From the entries below, retype only the lines from the one with "Pamono Spanish Walnut" through the one with "Messer & Co.", exactly as written.

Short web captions
____________________

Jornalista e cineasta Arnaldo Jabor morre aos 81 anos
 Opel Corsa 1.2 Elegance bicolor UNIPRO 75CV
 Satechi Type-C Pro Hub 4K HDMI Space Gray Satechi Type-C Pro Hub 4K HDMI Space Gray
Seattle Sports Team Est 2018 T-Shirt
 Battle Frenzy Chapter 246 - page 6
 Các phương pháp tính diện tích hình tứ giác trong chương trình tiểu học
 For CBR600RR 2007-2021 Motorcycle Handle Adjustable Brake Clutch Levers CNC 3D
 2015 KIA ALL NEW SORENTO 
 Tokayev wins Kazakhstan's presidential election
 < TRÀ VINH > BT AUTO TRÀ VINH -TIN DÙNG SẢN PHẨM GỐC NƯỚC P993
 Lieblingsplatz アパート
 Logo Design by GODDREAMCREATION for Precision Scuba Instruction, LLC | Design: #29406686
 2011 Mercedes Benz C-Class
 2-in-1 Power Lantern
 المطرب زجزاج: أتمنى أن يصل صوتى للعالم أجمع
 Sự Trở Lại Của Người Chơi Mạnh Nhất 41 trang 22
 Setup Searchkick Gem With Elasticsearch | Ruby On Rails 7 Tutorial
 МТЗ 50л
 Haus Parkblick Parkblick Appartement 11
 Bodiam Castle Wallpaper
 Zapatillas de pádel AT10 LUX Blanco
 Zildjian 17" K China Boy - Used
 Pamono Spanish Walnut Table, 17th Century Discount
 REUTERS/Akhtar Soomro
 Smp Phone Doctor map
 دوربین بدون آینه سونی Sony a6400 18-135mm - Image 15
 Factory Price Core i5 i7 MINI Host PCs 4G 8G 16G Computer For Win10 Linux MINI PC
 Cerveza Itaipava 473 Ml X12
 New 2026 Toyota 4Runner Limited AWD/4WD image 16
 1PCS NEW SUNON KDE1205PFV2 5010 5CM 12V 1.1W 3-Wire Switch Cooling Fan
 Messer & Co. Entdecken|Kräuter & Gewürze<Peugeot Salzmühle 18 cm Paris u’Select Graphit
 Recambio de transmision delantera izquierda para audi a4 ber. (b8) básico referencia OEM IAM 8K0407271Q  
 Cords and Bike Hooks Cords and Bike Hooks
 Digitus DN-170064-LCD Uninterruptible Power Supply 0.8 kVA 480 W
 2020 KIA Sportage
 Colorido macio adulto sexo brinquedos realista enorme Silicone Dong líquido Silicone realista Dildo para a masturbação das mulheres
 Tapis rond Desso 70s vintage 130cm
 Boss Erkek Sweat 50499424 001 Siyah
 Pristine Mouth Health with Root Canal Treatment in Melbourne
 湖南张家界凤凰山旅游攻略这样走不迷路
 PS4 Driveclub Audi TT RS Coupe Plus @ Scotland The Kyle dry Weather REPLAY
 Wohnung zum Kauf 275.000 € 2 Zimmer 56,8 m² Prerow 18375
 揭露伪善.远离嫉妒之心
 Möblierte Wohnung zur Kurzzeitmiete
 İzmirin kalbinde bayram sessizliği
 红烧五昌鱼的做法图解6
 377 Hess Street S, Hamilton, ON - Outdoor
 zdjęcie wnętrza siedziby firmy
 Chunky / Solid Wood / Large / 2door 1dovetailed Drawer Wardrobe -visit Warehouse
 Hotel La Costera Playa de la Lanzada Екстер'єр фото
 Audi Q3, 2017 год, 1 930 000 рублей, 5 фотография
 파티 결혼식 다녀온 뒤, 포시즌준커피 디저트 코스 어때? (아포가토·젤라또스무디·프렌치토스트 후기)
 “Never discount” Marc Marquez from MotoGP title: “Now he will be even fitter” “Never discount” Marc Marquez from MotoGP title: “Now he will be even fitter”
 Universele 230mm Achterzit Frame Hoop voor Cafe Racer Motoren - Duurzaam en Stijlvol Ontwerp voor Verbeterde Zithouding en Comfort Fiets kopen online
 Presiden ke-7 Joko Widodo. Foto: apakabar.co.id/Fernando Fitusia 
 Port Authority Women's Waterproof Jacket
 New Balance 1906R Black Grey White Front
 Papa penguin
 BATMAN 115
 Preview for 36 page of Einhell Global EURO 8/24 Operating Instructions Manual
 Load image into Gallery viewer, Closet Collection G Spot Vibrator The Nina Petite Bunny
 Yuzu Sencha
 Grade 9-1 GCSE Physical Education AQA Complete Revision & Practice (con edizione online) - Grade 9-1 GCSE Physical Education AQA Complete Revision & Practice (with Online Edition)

____________________

▶ _Answer space_
 Pamono Spanish Walnut Table, 17th Century Discount
 REUTERS/Akhtar Soomro
 Smp Phone Doctor map
 دوربین بدون آینه سونی Sony a6400 18-135mm - Image 15
 Factory Price Core i5 i7 MINI Host PCs 4G 8G 16G Computer For Win10 Linux MINI PC
 Cerveza Itaipava 473 Ml X12
 New 2026 Toyota 4Runner Limited AWD/4WD image 16
 1PCS NEW SUNON KDE1205PFV2 5010 5CM 12V 1.1W 3-Wire Switch Cooling Fan
 Messer & Co. Entdecken|Kräuter & Gewürze<Peugeot Salzmühle 18 cm Paris u’Select Graphit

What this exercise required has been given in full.